Tim Rutten Shows Outstanding Grit in Columns On Cartoons

Tim Rutten has shown just what a tough, outstanding columnist he is for the L.A. Times in his two most recent articles, both on the furore conjured up by fanatic Muslims over critical depiction of the Prophet Mohammed.

Rutten would be a distinguished editorial page editor in a Times freed of the mediocre grip of the Chicago Tribune.

His latest column yesterday, "Let's be honest about cartoons" takes on Times Editor Dean Baquet as to whether the Times should illustrate its articles about the cartoons by actually reprinting samples of the original work by courageous Danish cartoonists.

Baquet, who has unwisely given up control over the editorial pages of the paper to minions from Chicago, says no. Rutten argues yes. Baquet, falling victim to a too-frequent tendency to want to have it both ways, tells Rutten, no he can't run the cartoons, but he should write the toughest possible column.

The Times, acccording to Rutten, will print all kinds of reviews critical of the Catholic Church, and allow fulsome reports of anti-Semitic cartoons emanating regularly out of the Arab World. But it will not show its own readers even a sample, inside the Calendar pages, of the cartoons that appeared in September in Denmark.

It used to be said that Rutten could be too complex in his writing, lose his readers in indirectiveness. This is not the case in recent months, in which Rutten has turned in the most incisive writing on media topics in the American press today. One aspect of the cartoon controversy is its pertinence to reform from within Islam. Without challenge by moderate Muslims, the extremists flourish.

Ruttin has always been independent and honest. At a time when the Times has too often been going down hill, Rutten has always leveled with the readers and never, as an editor and a columnist, showed an unwillingness to practice what the late columnist James Reston of the New York Times termed calling "a spade a bloody shovel," in other words calling things what they are.

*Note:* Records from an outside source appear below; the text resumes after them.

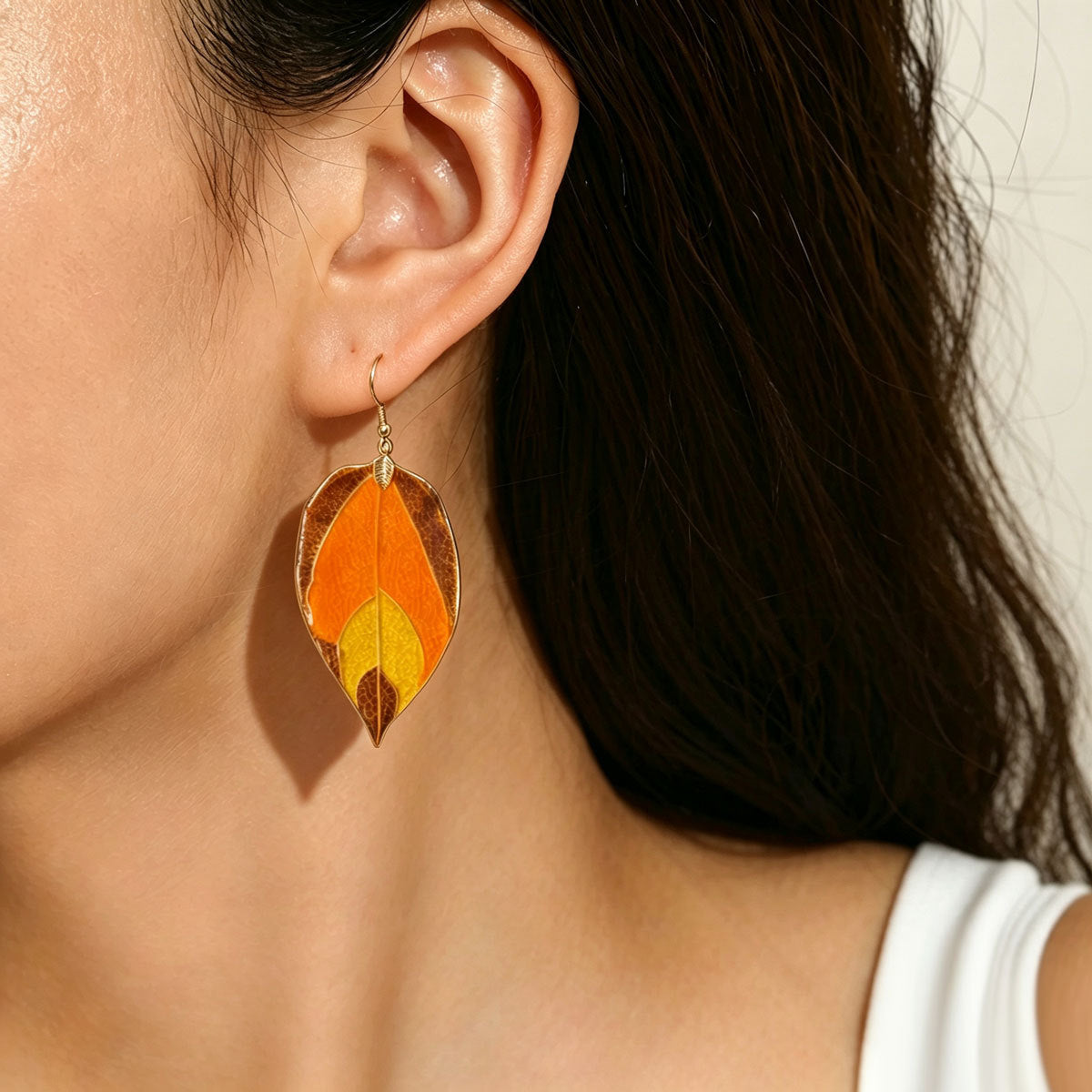 Leaves Earrings For Women Made Of Zinc Alloy Featuring Electroplated Retro Style With 304 Stainless Steel Ear Pins
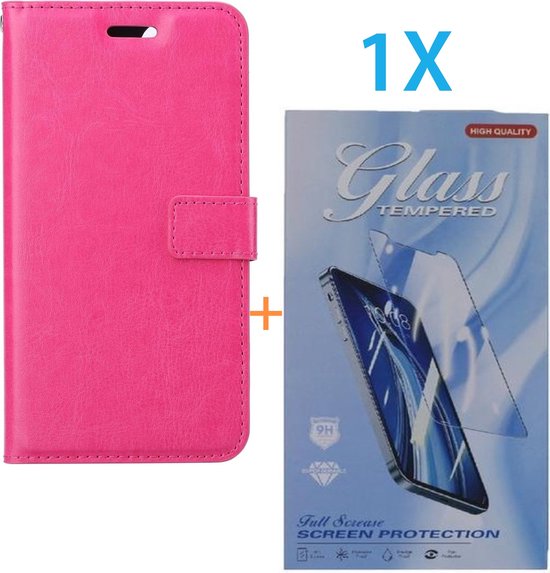 Oppo A79 5G Hoesjes – Portemonnee Bookcase – Pasjeshouder – Magneetsluiting – Roze + Screenprotector-Ilumina Benelux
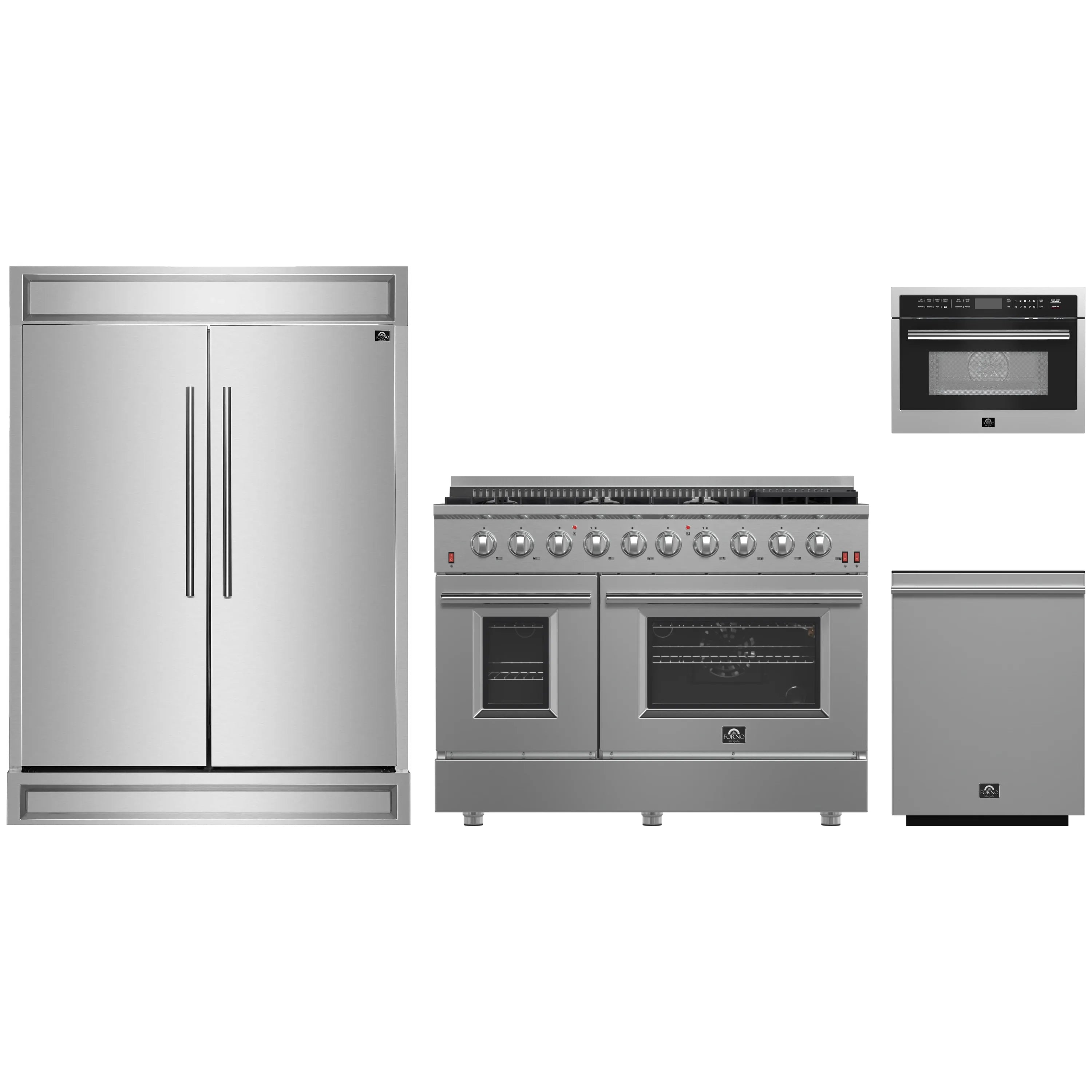 Stainless steel appliance set: refrigerator, microwave, gas range, and dishwasher lineup.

In his columns last Saturday and this Saturday, Rutten has devoted himself to pointing up the glaring discord between complaints and threats coming from the Muslim world over mildly-critical cartoons about Muslim reform and the willingness in the Middle East to slander Jews and Christians.

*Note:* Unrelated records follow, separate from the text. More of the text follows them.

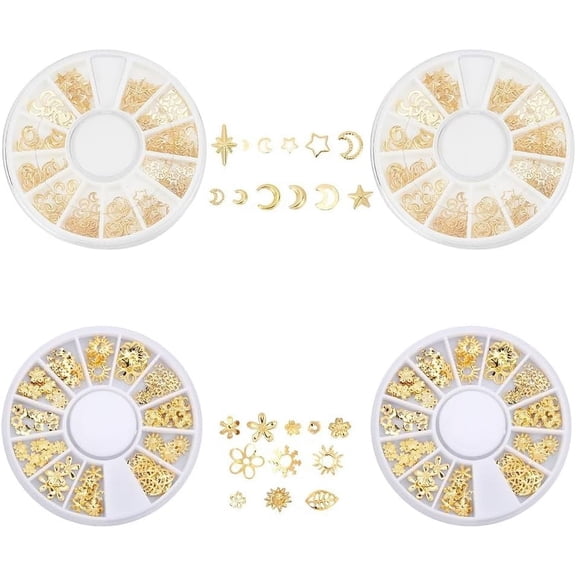 1Set 4 Boxes 2 Styles Aluminum Cabochons Nail Art Studs Nail Art Decoration Accessories Gold 2boxes/style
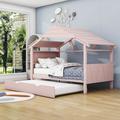 Harper Orchard Odine House Beds Storage Bed, Wood in Pink | 61.1 H x 40.6 W x 78.7 D in | Wayfair 53B2B78131E74CBB81A63D20D7627718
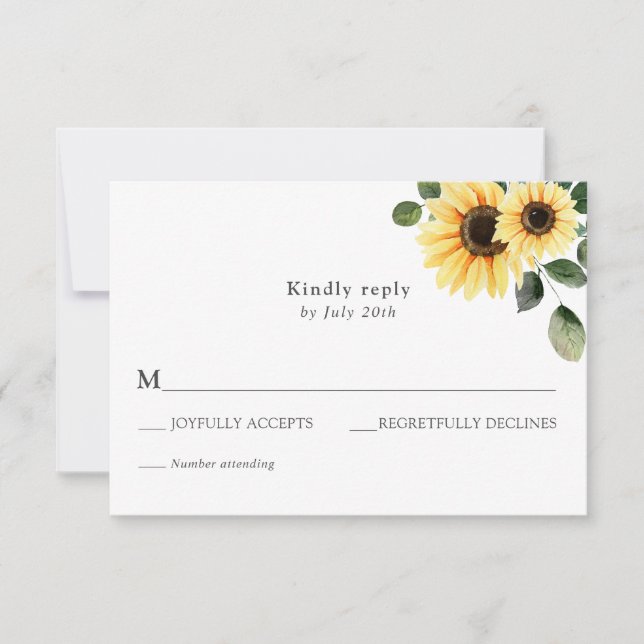 RSVP-Karte für Sonnenblumen Einladung (Vorderseite)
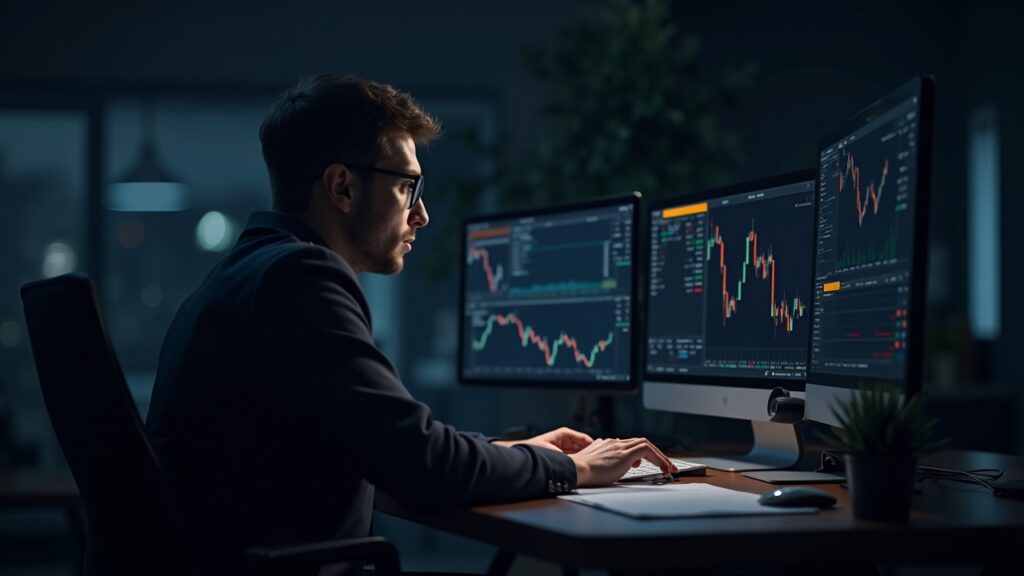 Robinhood se inclina hacia los traders avanzados: ¿De qué se trata? Operador de criptomonedas experimentado en un escritorio elegante con pantallas que muestran gráficos de volatilidad y libros de órdenes, con una sutil marca de Robinhood.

The thugs who lead Iran and Syria have called for punishing the cartoonists and craven apologies from the Danish and other governments, while themselves pursuing a policy of venomous invective against other religions and cultures.

Meanwhile, too many leaders in the American media have failed to give their readers any clear sense of what the controversy is about. As Rutten says, they have allowed themselves to be terrorized. Rutten gives the New York Times and CNN as examples, but he could just as well name Time magazine, which is under new, characterless direction.

These are the same publications who are about to allow the Catholic Church to be slandered in the phony, I do not use the mere word fictional, Da Vinci Code movie.

"Give me liberty or give me death," said the Virginia patriot, Patrick Henry. The service Tim Rutten has been performing is not to allow American media gurus such as Wolf Blitzer get away with saying, "Give Me Liberty or Give Me Muslim Fanaticism, as long as the Fanatics Don't Go After Me."